(Beginning of Exercise materials)

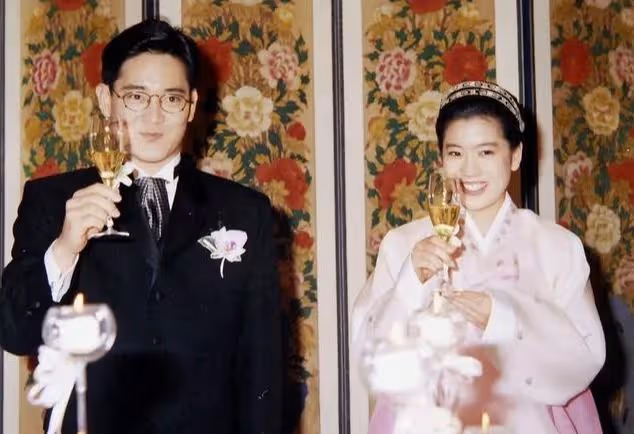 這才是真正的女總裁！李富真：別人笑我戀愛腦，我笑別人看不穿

(End of Exercise materials)
(Beginning of Exercise materials)

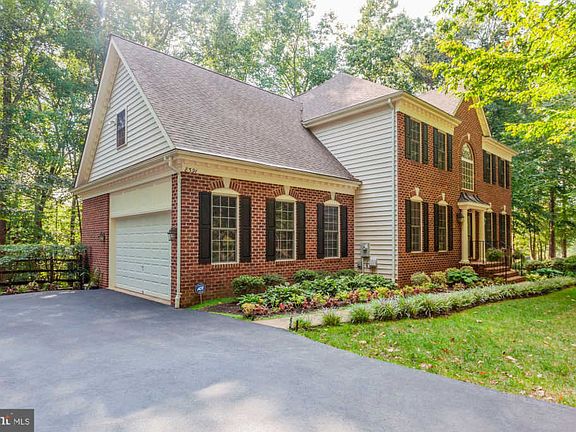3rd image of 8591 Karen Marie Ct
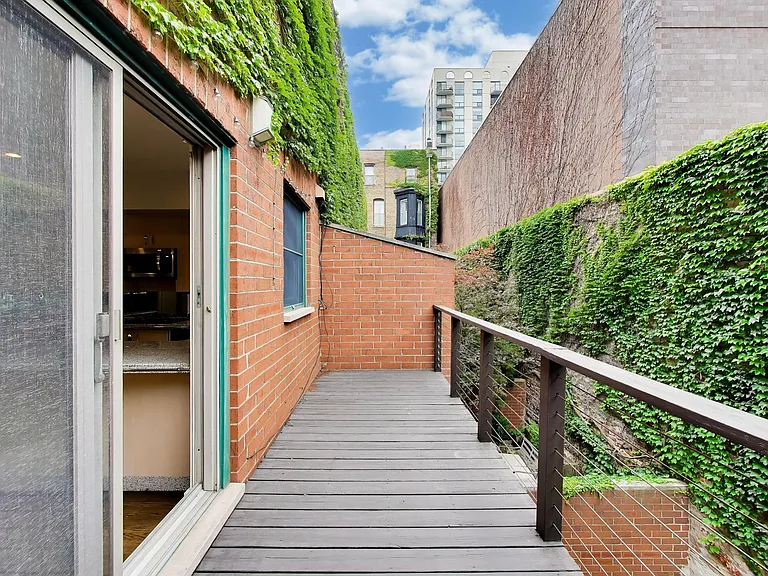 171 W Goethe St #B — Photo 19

(End of Exercise materials)

What the task asks: From the data above, return only the lines starting at the line that holds "3rd image of 8591 Karen Marie Ct" and ending at the line that holds "171 W Goethe St #B — Photo 19", word for word and without pictures.

Written response:
3rd image of 8591 Karen Marie Ct
 171 W Goethe St #B — Photo 19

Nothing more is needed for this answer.